Dokter Perempuan RSUD BDH Surabaya Jadi Korban Penganiayaan oleh Keluarga Pasien
Surabaya – Sebuah insiden tragis terjadi di RSUD Bhakti Dharma Husada (BDH) Surabaya, di mana seorang dokter perempuan, dr. Faradina, menjadi korban penganiayaan oleh seorang pasien setelah menjalani operasi. Peristiwa ini menyoroti tingkat kekerasan terhadap tenaga kesehatan yang semakin mengkhawatirkan di Indonesia.
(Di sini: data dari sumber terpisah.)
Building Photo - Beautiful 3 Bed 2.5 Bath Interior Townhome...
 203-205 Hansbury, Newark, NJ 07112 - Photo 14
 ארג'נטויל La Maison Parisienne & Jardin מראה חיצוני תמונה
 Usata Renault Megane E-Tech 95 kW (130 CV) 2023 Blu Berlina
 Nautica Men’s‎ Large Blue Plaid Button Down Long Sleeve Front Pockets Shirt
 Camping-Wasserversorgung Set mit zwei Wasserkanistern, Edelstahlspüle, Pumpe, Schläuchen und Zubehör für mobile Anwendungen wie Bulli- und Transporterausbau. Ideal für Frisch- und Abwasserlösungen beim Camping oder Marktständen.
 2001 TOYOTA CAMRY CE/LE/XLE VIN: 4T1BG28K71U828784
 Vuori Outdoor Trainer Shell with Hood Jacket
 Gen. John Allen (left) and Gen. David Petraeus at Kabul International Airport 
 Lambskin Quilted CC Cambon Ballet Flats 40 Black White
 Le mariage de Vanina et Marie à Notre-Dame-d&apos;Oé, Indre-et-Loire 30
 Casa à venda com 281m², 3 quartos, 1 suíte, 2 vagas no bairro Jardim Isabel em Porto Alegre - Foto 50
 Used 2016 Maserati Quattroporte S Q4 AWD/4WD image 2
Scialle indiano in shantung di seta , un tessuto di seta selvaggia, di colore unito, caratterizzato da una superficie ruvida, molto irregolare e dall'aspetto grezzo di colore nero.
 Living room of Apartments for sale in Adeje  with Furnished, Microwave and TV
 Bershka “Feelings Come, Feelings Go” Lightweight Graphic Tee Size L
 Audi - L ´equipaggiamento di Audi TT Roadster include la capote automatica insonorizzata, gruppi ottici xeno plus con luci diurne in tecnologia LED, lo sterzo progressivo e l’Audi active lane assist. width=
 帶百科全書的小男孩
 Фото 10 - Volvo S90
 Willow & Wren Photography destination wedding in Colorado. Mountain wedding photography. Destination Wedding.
Kejadian tersebut berlangsung pada Jumat, 25 April 2025. Usai operasi, pasien yang bernama Norliyanti merasa keluhan yang disampaikannya tidak ditanggapi dengan baik oleh dokter. Alih-alih pulang untuk beristirahat, Norliyanti kembali ke rumah sakit dengan membawa batu gragal, dan langsung menyerang dokter Faradina. Akibat serangan ini, Faradina mengalami luka berat dan harus mendapatkan perawatan intensif.
Kasus ini sudah dilaporkan ke pihak kepolisian dan saat ini tengah dalam proses persidangan di Pengadilan Negeri (PN) Surabaya. Kejadian ini menarik perhatian luas, tidak hanya dari masyarakat, tetapi juga dari berbagai pihak, termasuk pemerintah kota dan organisasi profesi.
Arif Setiawan, Plt Direktur RSUD BDH Surabaya, menyatakan bahwa Wali Kota Surabaya, Eri Cahyadi, memberikan perhatian khusus terhadap kasus ini. “Wali Kota menegaskan bahwa setiap dokter yang menjalankan tugasnya harus dilindungi. Pemkot Surabaya berkomitmen mendampingi sepenuhnya perkara ini,” ujarnya.
Dia juga berharap agar aparat penegak hukum memberikan hukuman yang setimpal atas tindakan kekerasan ini. “Kami meminta Majelis Hakim dan Jaksa Penuntut Umum untuk menangani kasus ini dengan serius dan memberikan sanksi sesuai ketentuan hukum demi keadilan bagi dr. Faradina,” tandasnya.
Pengurus Besar Ikatan Dokter Indonesia (PB IDI) turut mengecam kejadian ini. Agus Ariyanto, anggota Biro Hukum Pembinaan dan Pembelaan Anggota, menegaskan bahwa pihaknya mengutuk keras tindakan kekerasan terhadap dokter atau tenaga kesehatan lainnya. “Kekerasan bukan solusi untuk menyelesaikan masalah,” ujarnya. PB IDI mendorong agar kasus ini diselesaikan secara hukum untuk memenuhi rasa keadilan.
Dari sisi pemulihan, Dedi Ismiranto, anggota BHP2A IDI Jawa Timur, menyatakan dukungan penuh untuk dr. Faradina. Dia juga meminta agar perlindungan hukum dan keamanan untuk tenaga kesehatan di seluruh fasilitas pelayanan kesehatan ditingkatkan. Hal ini penting untuk mencegah terulangnya insiden serupa di masa depan.
Rudy Sapoelete, Ketua Umum Perhimpunan Dokter Ahli Hukum Kesehatan dan Kedokteran Indonesia (PERDAHUKKI), menambahkan bahwa kekerasan tidak hanya melukai korban secara fisik, tetapi juga mencederai martabat profesi kedokteran. Dia menekankan pentingnya proses hukum yang tegas terhadap pelaku penganiayaan agar terjadi efek jera. “Kami berharap masyarakat memahami bahwa dokter bekerja berdasarkan standar profesi, etika, dan disiplin ilmu,” ungkapnya.
Setiap peristiwa kekerasan terhadap tenaga kesehatan seperti ini menggambarkan kendala yang dihadapi industri kesehatan di Indonesia. Serangan terhadap tenaga medis tidak hanya berdampak pada korban tetapi juga menimbulkan ketakutan di kalangan tenaga kesehatan yang seharusnya fokus memberikan pelayanan terbaik kepada masyarakat. Penegakan hukum yang tegas menjadi kunci untuk menciptakan lingkungan yang aman bagi para profesional medis dan memastikan mereka dapat bekerja dengan tenang, demi kesehatan masyarakat yang lebih baik.